Retornan los espíritus malignos. Es la locura que asusta a Elizabeth. Brown está hosco y a menudo delira. Cuando le sirven de comer, devuelve los platos temiendo que los hayan envenenado y pide a uno de sus muchachos que le dé su modesta carne asada y una simple jarra de vino. Los espíritus redoblan su tormento por las noches. Brown suda, se levanta desorbitado: si quieren matarme, entonces ¡peleen!, pero no así, ¡asesinos perversos!, ¡cobardes! Apoya el oído en la pared, mira con la vista excitada. Los gigantes transparentes le susurran: ¡renegado!, ¡vendido! Brown los corre por el camarote a puñetazos. Sale al aire rielado por la luna con el rostro transido de dolor. Lleva la gorra ladeada; sus hombres comprenden que se desarrolla un combate en su cabeza y, respetuosamente, se apartan de su camino, desvían los ojos.

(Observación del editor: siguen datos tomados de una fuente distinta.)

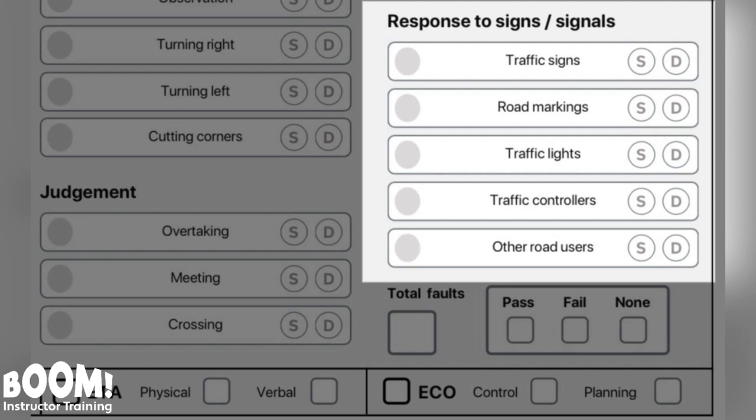You should recognize and react correctly to signs and signals on the road. These include traffic signs, road markings, traffic lights, traffic controllers, and responding to signals from other road users. This is about looking, scanning, and reading the road and having good awareness of your surroundings. If you have good awareness and planning skills as described in the previous video, then you should see and respond to any signs and signals.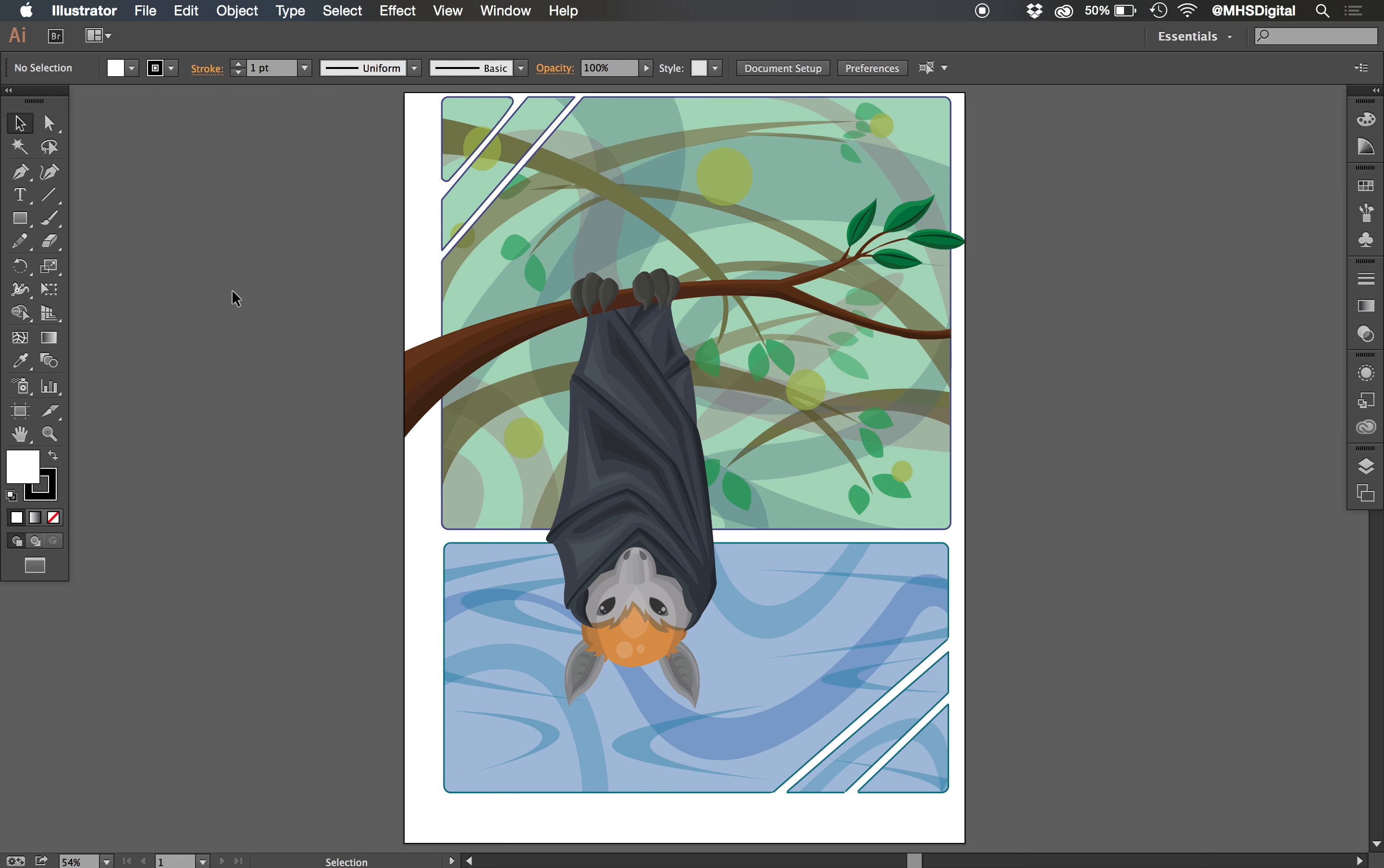So in Illustrator you will see that we have our artwork in the middle, like I've been exploring here.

Se aproxima el término de sus servicios.

El ministro Felipe Arana, en nombre de Juan Manuel de Rosas, le ordena regresar a su fondeadero para evitar un choque armado con los insolentes de ultramar, que reportarían grandes y estériles sacrificios. Pese a ello se producen varios incidentes. Un tiro de cañón perfora el buque General San Martín . La escuadra argentina es apresada por la abrumadora fuerza extranjera: sus tripulantes son obligados a dejar las naves y son remitidos en lanchones a Buenos Aires. Es una derrota categórica, una derrota que produce vergüenza. Una derrota que parece la bofetada de un adulto a un jovenzuelo díscolo.

Guillermo Brown trepida de horror e impotencia. Abatido por el bochorno, permanece veinticuatro horas en el Fulton , que lo devuelve a Buenos Aires. En el minucioso informe que eleva sobre esta desgracia naval, afirma que "tal agravio demanda imperiosamente el sacrificio de la vida con honor". Está enojado por haber obedecido: sólo la subordinación a las órdenes superiores "para evitar la aglomeración de incidentes que complicasen las circunstancias, pudo resolverme a. arriar un pabellón que por treinta y tres años de continuos triunfos, he sostenido con toda dignidad en las aguas del Plata".

A pesar de que "le robaron la escuadra" -como repite enfurecido- lo reciben en Buenos Aires con una salva de diecisiete cañonazos. Una multitud lo vitorea para manifestarle solidaridad en esta luctuosa ocasión.